Brief descriptive captions
..............................
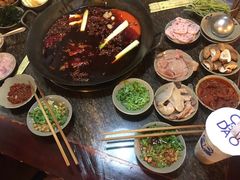 -星鸿社重庆老火锅(燃灯寺分店)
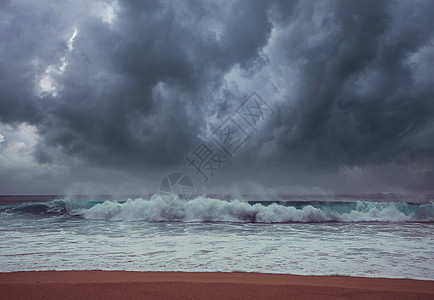 暴风雨云海洋中的巨浪图片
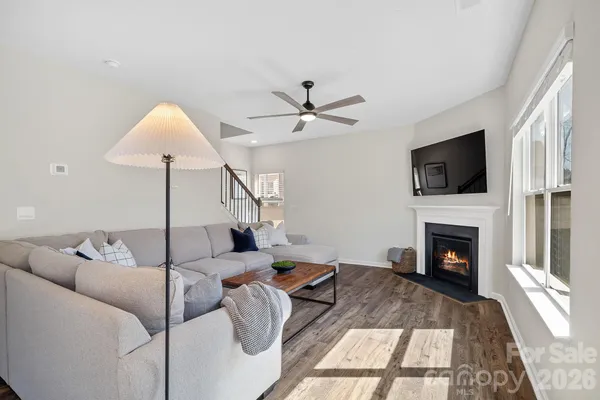 $469,000 | 132 Ridgeview Lane, Mars Hill, NC 28754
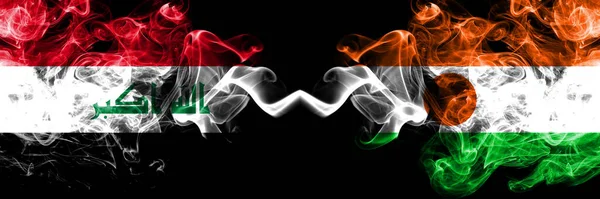 Ιράκ Ιράκ Εναντίον Νίγηρα Νιγηριανή Καπνιστή Μυστικιστική Σημαίες Τοποθετούνται Δίπλα — Φωτογραφία Αρχείου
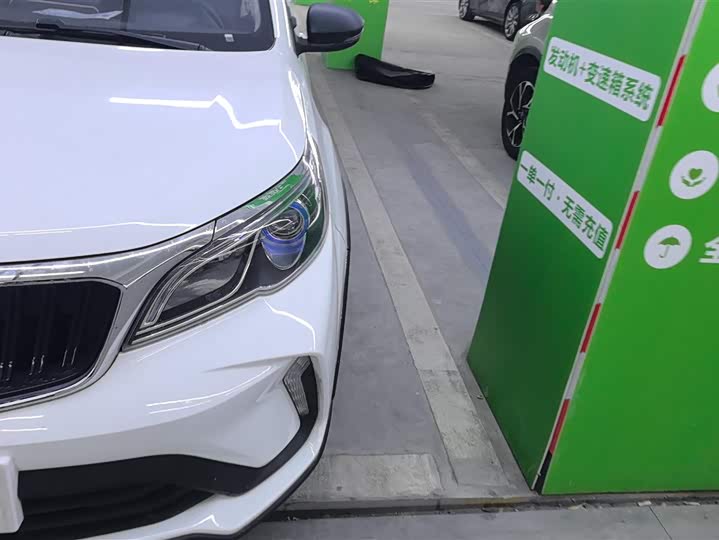 Geely Vision X3 2021 2021款 PRO 1.5L CVT尊贵型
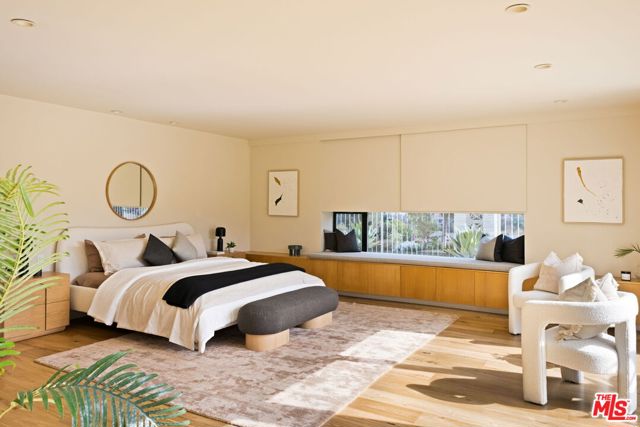 5284 Los Diegos Way, Los Angeles CA: https://media.crmls.org/mediaz/2a27f399-e0e4-48d5-94f6-3a1c748e3248.jpg
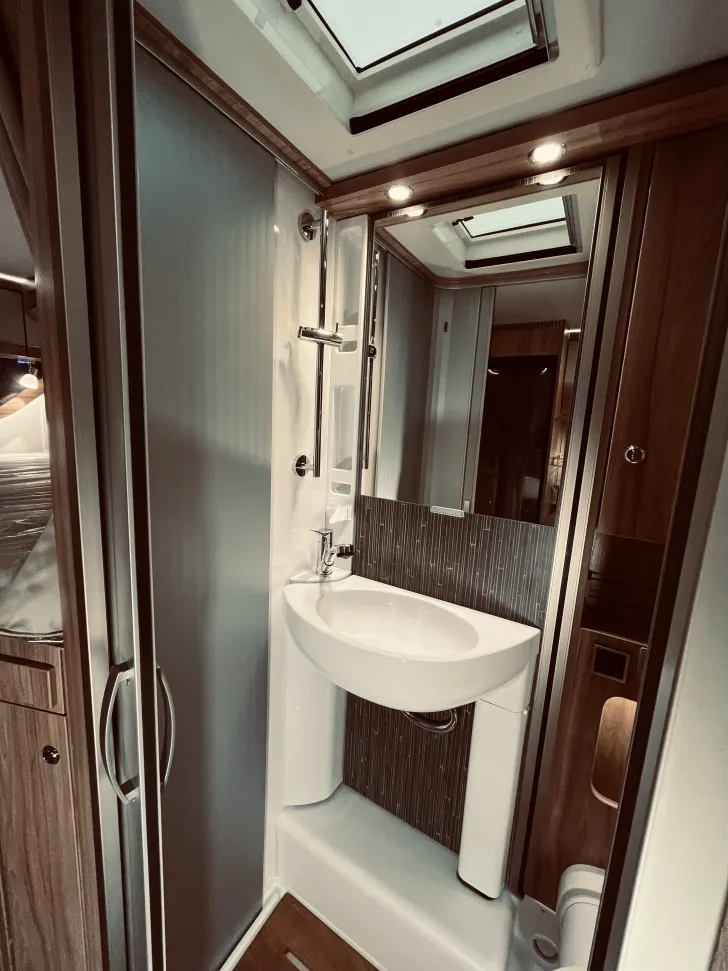 Fahrzeugbild Hymer Exsis-t 474 Automatik, Solar, TV, GFK-Dach #15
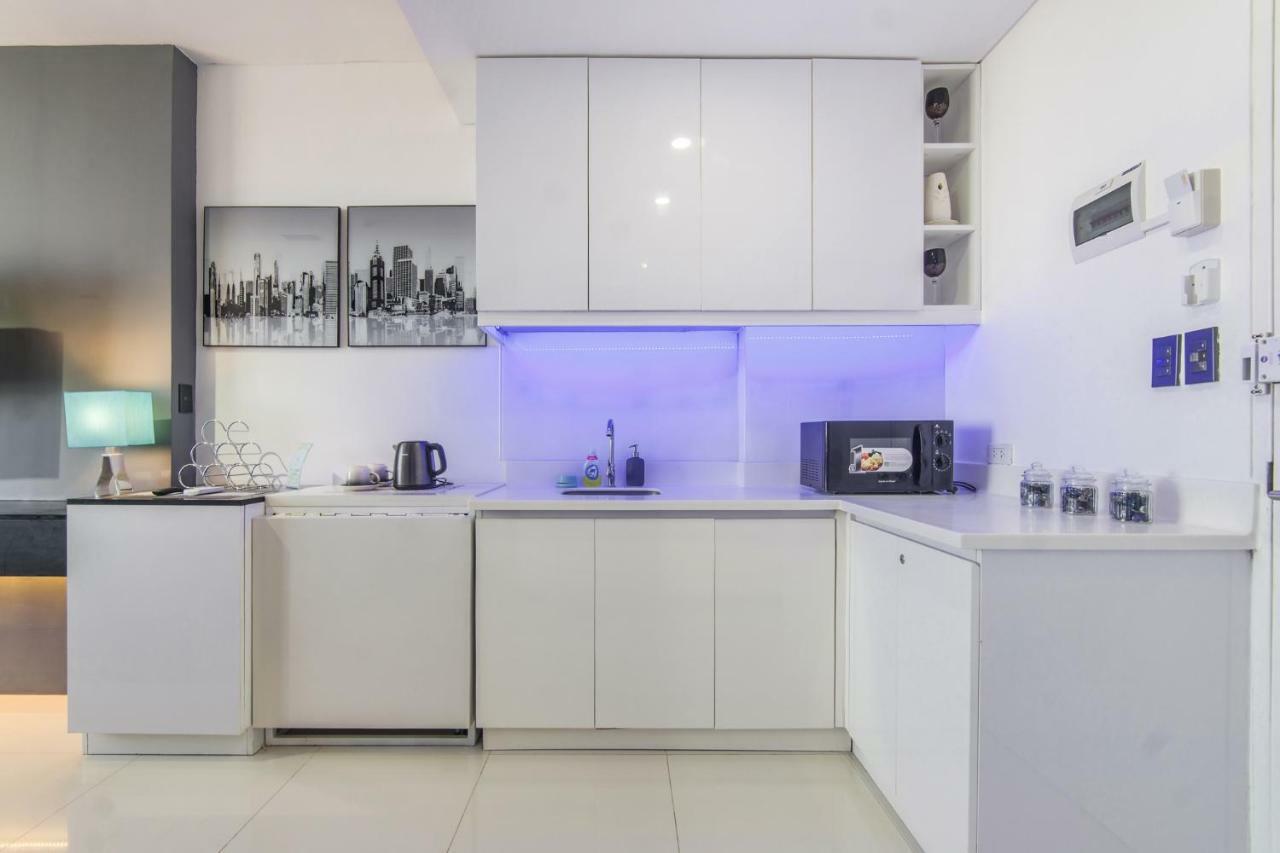 Apartment Free Netflix Near It Park With 32-inch Samsung Hdtv Cebu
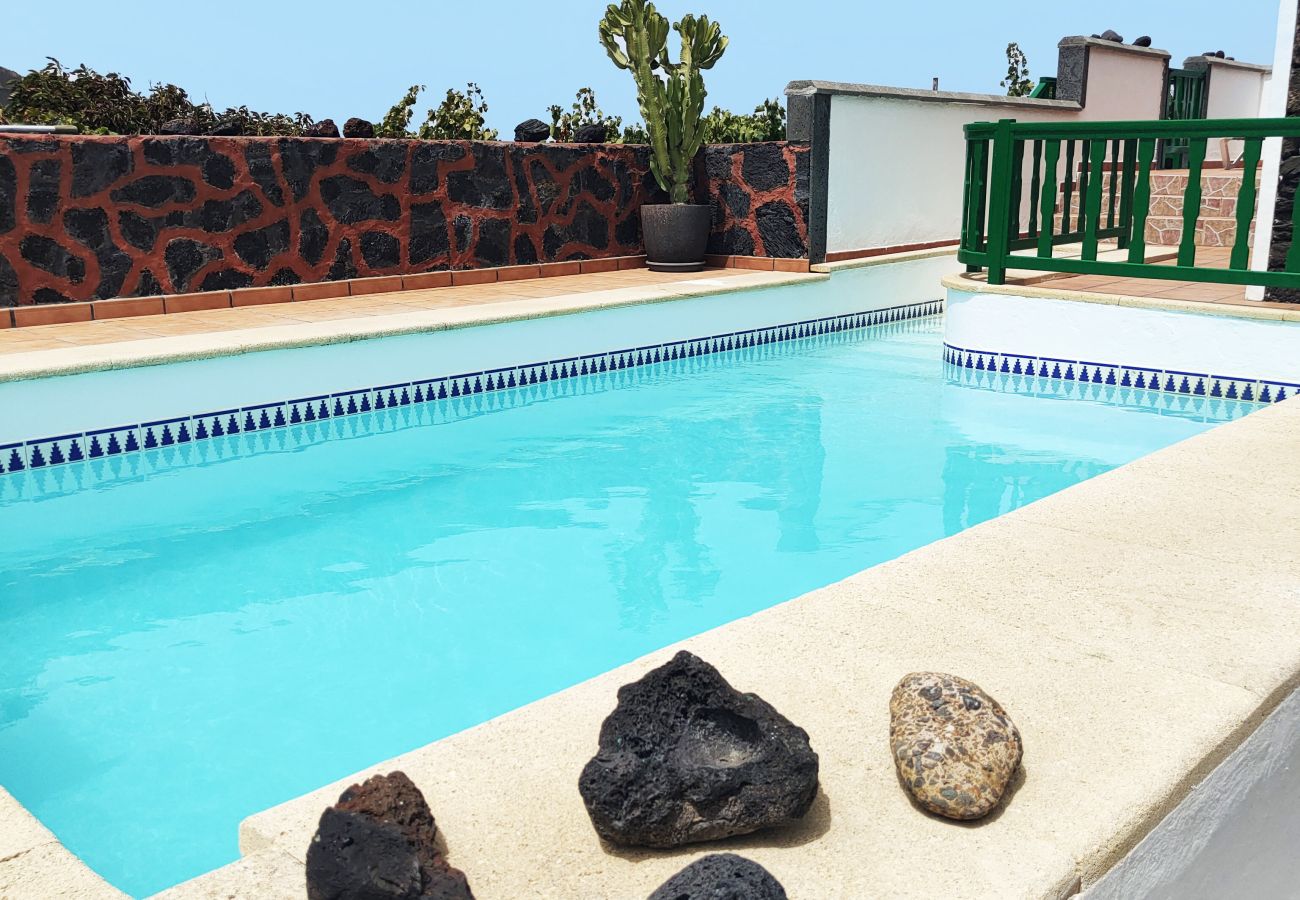 Ferienhaus in Yaiza - Casa Diama 1: Blick auf La Geria und gemeinsames Schwimmbad  Ferienhaus in Yaiza - Casa Diama 1: Blick auf La Geria und gemeinsames Schwimmbad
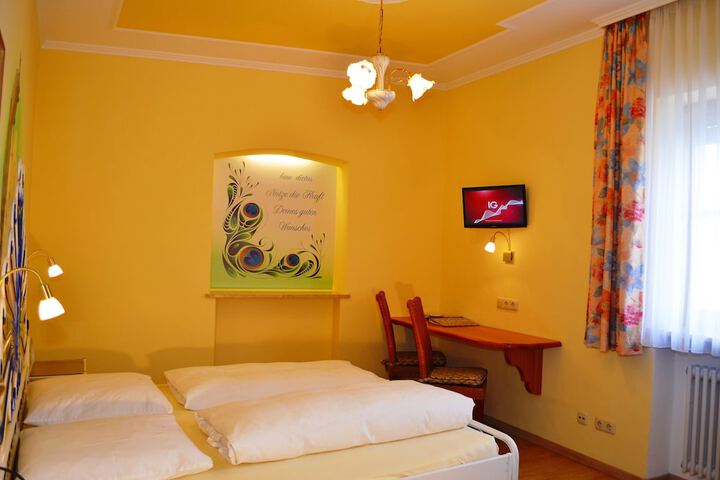 Room 4 of 57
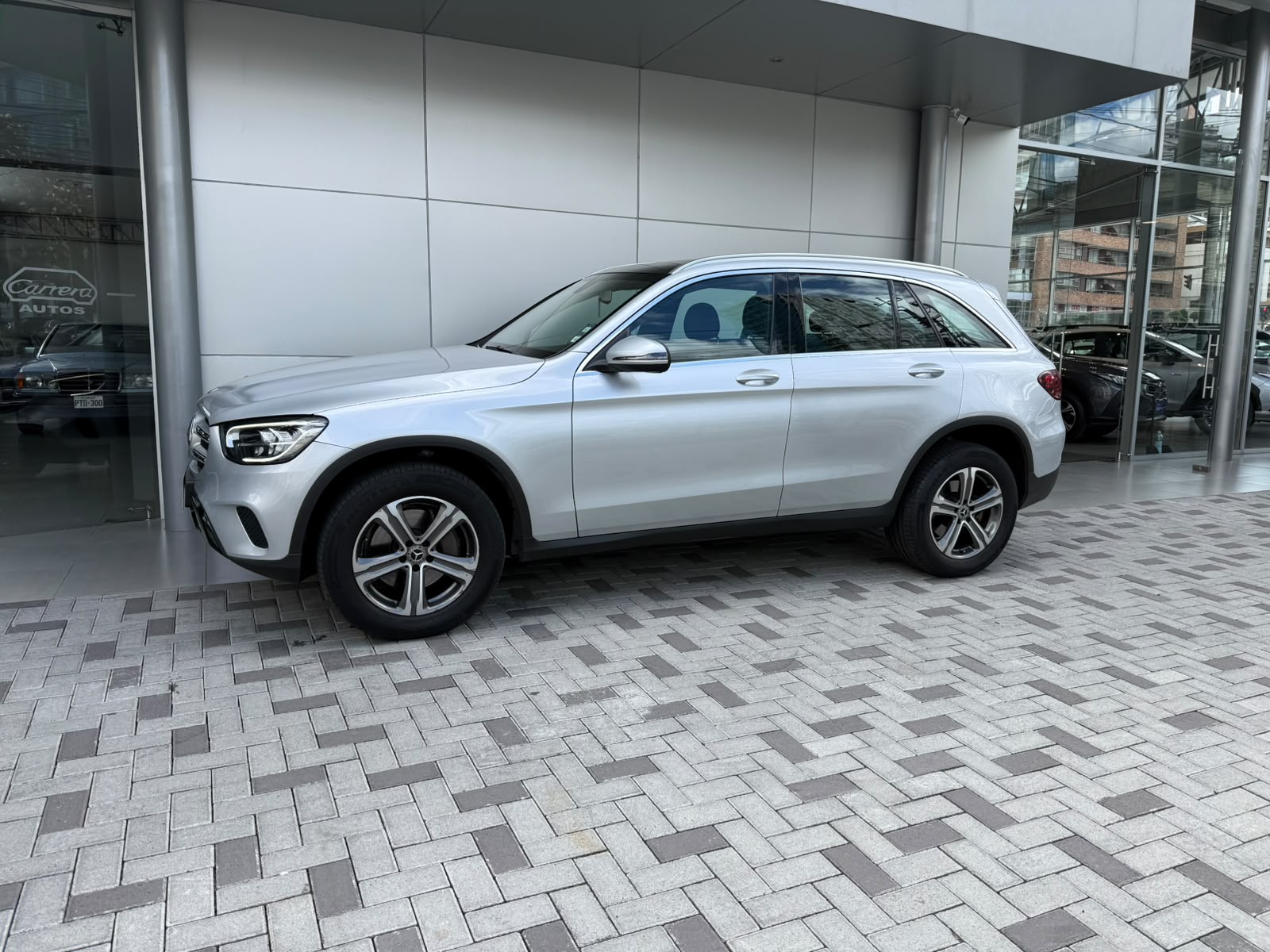 MERCEDES BENZ GLC200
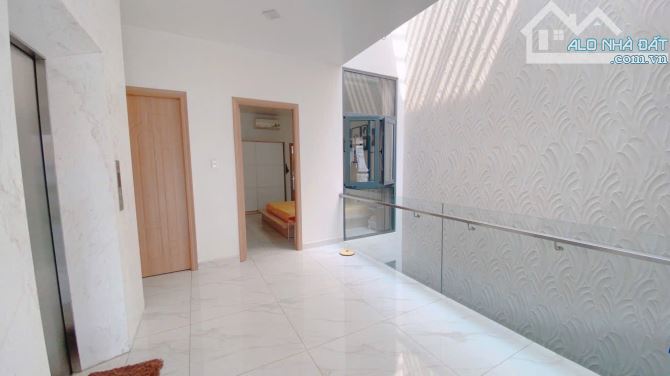 Biệt thự nguyễn minh hoàng— Dt: 8x18m—3 tầng- thang máy - giá 35,9 tỷ - 7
..............................
◆ EXERCISE BRIEF ◆
What are the lines above from the one with "暴风雨云海洋中的巨浪图片" to the one with "Apartment Free Netflix", both included? Reproduce them exactly, without pictures.

◆ FINISHED TASK ◆
 暴风雨云海洋中的巨浪图片
 $469,000 | 132 Ridgeview Lane, Mars Hill, NC 28754
 Ιράκ Ιράκ Εναντίον Νίγηρα Νιγηριανή Καπνιστή Μυστικιστική Σημαίες Τοποθετούνται Δίπλα — Φωτογραφία Αρχείου
 Geely Vision X3 2021 2021款 PRO 1.5L CVT尊贵型
 5284 Los Diegos Way, Los Angeles CA: https://media.crmls.org/mediaz/2a27f399-e0e4-48d5-94f6-3a1c748e3248.jpg
 Fahrzeugbild Hymer Exsis-t 474 Automatik, Solar, TV, GFK-Dach #15
 Apartment Free Netflix Near It Park With 32-inch Samsung Hdtv Cebu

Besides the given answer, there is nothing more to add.